It took everything in my power to not think about what happened last week in Aurora. To do so would remind me of that April weekend in 1999 — the weekend after the Columbine shootings — quaking with fear and apprehension for my nephew who was in his first year of high school in northern California. His was a high school similar to the one in Colorado where the unthinkable took place: two young men planned and executed a mass shooting, killing themselves after killing eleven of their fellow students, two of their teachers, and wounding 21 others.
Aurora reminded me of how vulnerable we were in those days after Columbine. For my nephew going to a public high school and for his younger sister who would follow him soon after, they were now living in a world where this can happen.

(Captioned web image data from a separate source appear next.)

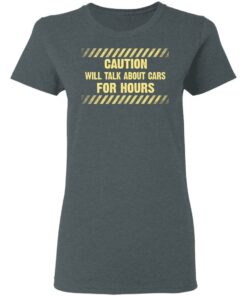 Caution Will Talk About Cars For Hours Shirt 5 Caution Will Talk About Cars For Hours Shirt 2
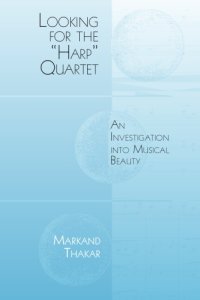 cover of the book Looking for the "Harp" Quartet: An Investigation Into Musical Beauty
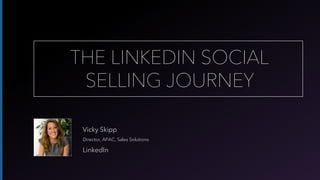 Vicky Skipp
Director, APAC, Sales Solutions
LinkedIn
THE LINKEDIN SOCIAL
SELLING JOURNEY
 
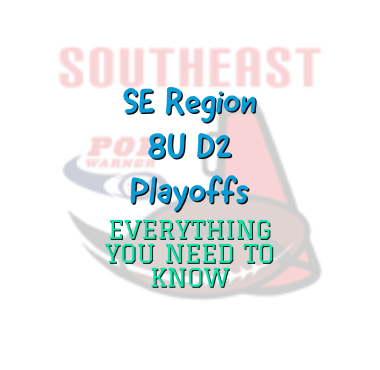 2022 SE Region 8U D2 Playoffs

I felt as though after everything we’ve done to make this world a better place for them, that we had somehow failed them. In the new reality of dealing with the unthinkable, you learn that even the fear of losing someone so deeply close to you is an emptying of the heart. How much worse is it when it actually happens?

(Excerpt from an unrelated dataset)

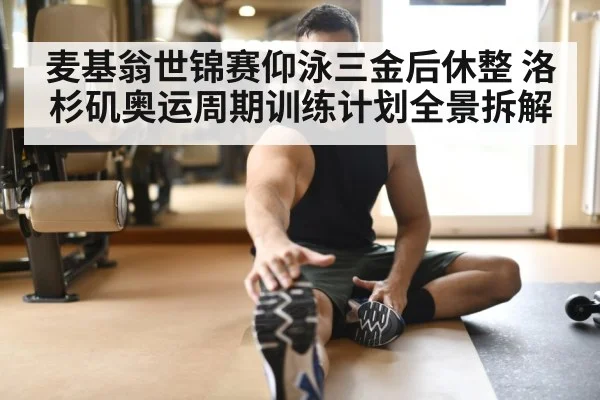 麦基翁世锦赛仰泳三金后休整 洛杉矶奥运周期训练计划全景拆解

Why haven’t we looked at the Aurora tragedy deeper than the usual ‘lone shooter; mentally unstable; random, senseless act’. Nothing done to curtail sales of weapons. Polite expression of regret but firmly adamant position from the NRA that they are not willing to back down. What have we learned? Twelve years since the Columbine event, 25 mass-killings (including Aurora) have happened. Here in America we have come to expect that this is a part of what happens when ‘life happens’. Columbine was the first and biggest breach of our expectations for ‘normal life’ in small town America where people go to live to be safe from the violence of the cities. It has not been the same since.